Pattern	Description	Example matches
Email address	Standard email format matching	`[email protected]`, `[email protected]`
Phone (international)	International format with country code	`+64 21 123 4567`, `+61 400 123 456`
Phone (NZ local)	New Zealand local formats	`021 123 4567`, `09 123 4567`, `(09) 123-4567`
Physical address	Street address patterns with number, street type, and locality	`123 Queen Street, Auckland`
Date of birth	Date patterns in common formats, filtered by plausible age range	`1985-03-15`, `15/03/1985`
Passport number	Alphanumeric patterns matching passport formats	`LN123456`, `AB1234567`

New Zealand-specific patterns

Pattern	Description	Validation
IRD number	Inland Revenue Department number (8-9 digits)	Mod-11 check digit validation.
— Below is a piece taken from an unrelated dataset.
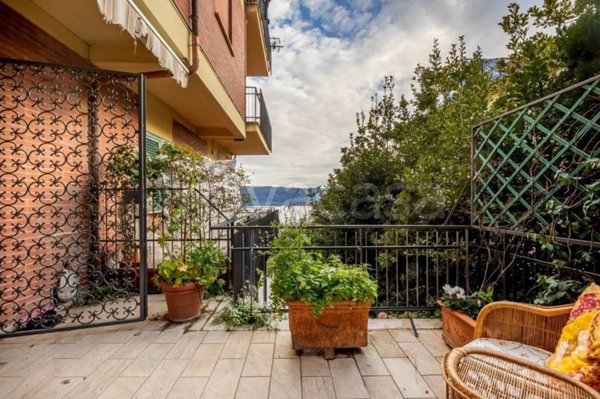 appartamento in vendita a Castel Gandolfo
Only values that pass the check digit algorithm are flagged, significantly reducing false positives
NHI number	National Health Index number	Format: 3 alpha characters followed by 4 digits (e.g., `ABC1234`). Alphabetic prefix is validated against known NHI character ranges
NZ bank account	Bank account number	Format: BB-bbbb-AAAAAAA-SSS (bank, branch, account, suffix). Bank and branch codes are validated against known ranges
NZ driver licence	Driver licence number	Alphanumeric format matching NZTA licence patterns

Australian patterns

Pattern	Description	Validation
Phone (AU)	Australian phone formats	`+61` prefix, valid area codes
TFN	Tax File Number (9 digits)	Check digit validation

Confidence levels

Each flagged column receives a confidence level based on what percentage of sampled rows matched the pattern:

Confidence	Match rate	Meaning
High	70% or more of sampled rows match	Very likely contains this PII type. The pattern consistently matches across the sample
Medium	30-69% of sampled rows match	Probably contains this PII type, but some rows do not match, possibly due to mixed data, nulls, or formatting variations
Low	10-29% of sampled rows match	Possibly contains this PII type. The match rate is low enough that the column may contain coincidental matches rather than actual PII

Columns with a match rate below 10% are not flagged. This threshold reduces noise from columns where a few values happen to match a pattern (for example, a product code column where some codes coincidentally look like phone numbers).

Review workflow

Flagged columns appear in the data classification column browser with a PII detection indicator showing the detected PII type and confidence level.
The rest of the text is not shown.